His message seemed clear. But by the next day the plan was already changing. The clear impression is that tariff policy is being made on the fly, with no in-depth analysis of its impact on the real world. That’s a hell of a way to disrupt the entire global trading system.
Meanwhile, industry leaders in both Canada and the U.S. were trying to figure out the precise implications of the tariffs, to which products they apply and whether we should be preparing for a temporary conflict or years-long trench warfare.
The stock markets suggest investors believe the war won’t end soon. We saw that on full display on Monday.
At times like this, it’s important to remember that there’s never a crisis without opportunity.
During the Great Financial Recession of 2007-09, banking stocks became ridiculously cheap as investors panicked after seeing the likes of Bear Stearns and Lehman Brothers go down. At one stage, Bank of Montreal (BMO-T) shares were offering an 11-per-cent yield as investors anticipated a dividend cut. It never happened and the stock eventually rebounded.
The same thing will probably happen this time. Some first-rate companies with little or no direct exposure to tariffs will see big declines in their share prices. I can’t predict when they will hit bottom and start to rally, because the length and severity of Mr. Trump’s folly isn’t yet clear. But this phase will eventually pass and when it does there will be rewards for investors.
For now, my suggestion is to look for quality companies that have little or no direct exposure to tariffs but whose price has recently dropped. One example is CGI Group (GIB.A-T).
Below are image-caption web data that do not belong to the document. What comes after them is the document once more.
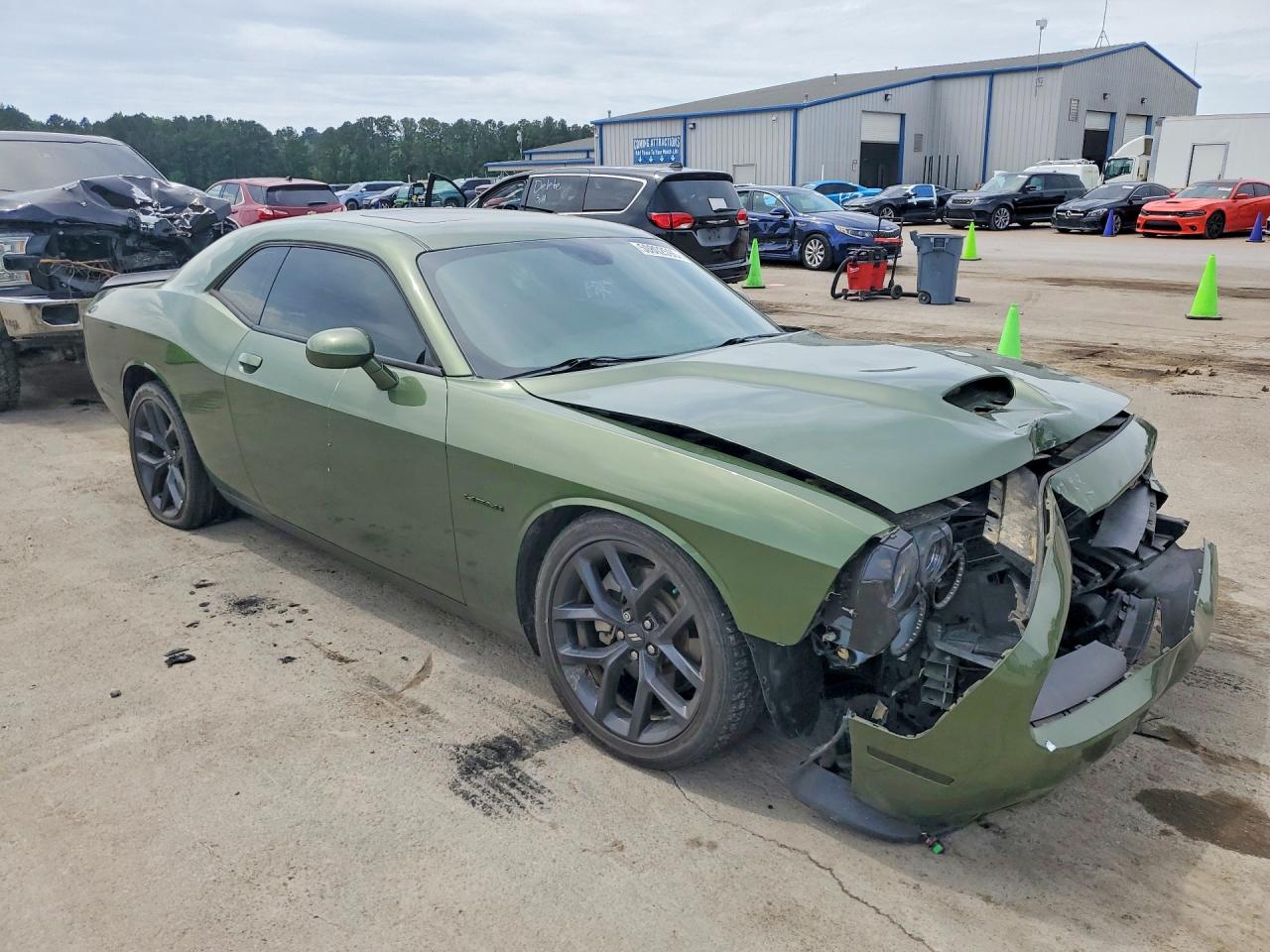 Dodge Challenger R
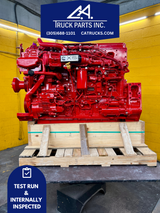 2018 Cummins X15 Diesel Engine For Sale (EPA17) CPL# 4342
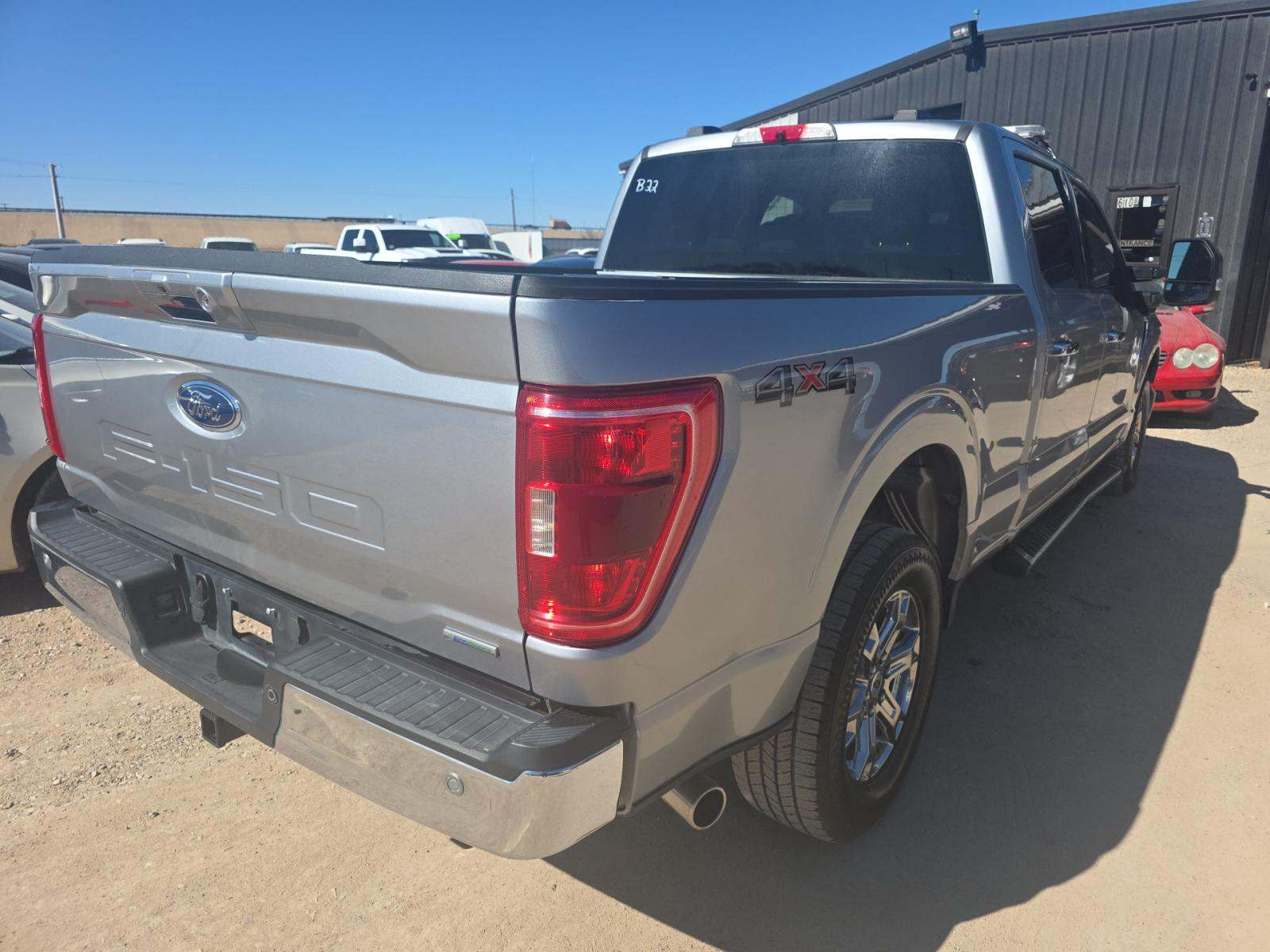 2022 Ford F-150 XLT AWD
Less than one month ago, its shares hit an all-time high. Then they started to tumble for no obvious reason beyond profit-taking and rising investor fears of a recession as tariff threats flew from Washington.
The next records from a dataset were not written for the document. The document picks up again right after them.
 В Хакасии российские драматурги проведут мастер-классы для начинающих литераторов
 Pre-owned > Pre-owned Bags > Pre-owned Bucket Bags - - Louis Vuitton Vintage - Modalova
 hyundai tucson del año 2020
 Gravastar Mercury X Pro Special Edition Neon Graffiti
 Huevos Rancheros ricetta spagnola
I see this as a buying opportunity for those who don’t have a position in this well-managed company. Here is an update on the stock, which I originally recommended in my Internet Wealth Builder newsletter in 2012.
CGI Group
Originally recommended on Aug. 19/12 at $24.42. Closed Friday at $150.85.
Background: Montreal-based CGI is one of the largest independent information technology and business process services firms in the world. The company, founded in 1976, delivers an end-to-end portfolio of capabilities, from IT and business consulting to systems integration, outsourcing services and intellectual property solutions. It employs about 91,000 professionals in offices and delivery centres across the Americas, Europe and the Asia Pacific region.
Performance: The stock hit an all-time high of $175.35 in mid-February but has been on a downward trend since. It closed Friday at $150.85, down 14 per cent from its high.
Recent developments: The company recently reported first-quarter 2025 results (to Jan. 31) that were in line with analysts’ expectations.
Revenue was almost $3.8-billion, up $182.2-million from the same period a year ago. Adjusted net earnings were $449-million ($1.97 per diluted share) compared with $427.2 million ($1.83-per share) last year. The company reported a backlog of $29.76-billion, or twice annual revenue.
“Our positioning as a trusted adviser for helping clients achieve outcomes from digitization – including through AI – contributed to bookings of over $4.1-billion, or 110 per cent of revenue,” chief executive officer François Boulanger said.
“The acceleration of our M&A investments continues to expand our client relationships and capabilities to drive stakeholder value this year and for the long-term. Importantly, cash from operations reached a new high of nearly $650-million in the quarter which further strengthens our capacity to fuel our build and buy profitable growth strategy for the future.”
Acquisitions: CGI has historically grown by acquisition. The latest was the closure of a deal to acquire BJSS, a leading U.K.-based technology and engineering consultancy. The company said the deal “aligns with CGI’s strategy to expand its consulting-led services and drive innovation in cloud, AI, data analytics, and software engineering for commercial and public sector clients.”
Dividend and buybacks: CGI implemented a quarterly dividend of 15 cents per share, effective with the November payment. Also, the company is seeking TSX approval for a normal course issuer bid that would allow it to repurchase up to 10 per cent of its outstanding public float over the next 12 months.
Outlook: CGI does not appear to have any significant exposure to the trade war. The company is well-diversified internationally and its business does not involve the export of physical goods. The share price may be temporarily side-swiped by the overall drag on the TSX and by recession fears, but I expect the stock to rebound as investors sort their way through which Canadian companies are vulnerable to tariffs and which are not.
Action now: Buy. This is an opportunity to acquire shares in a strong global company at a discounted price.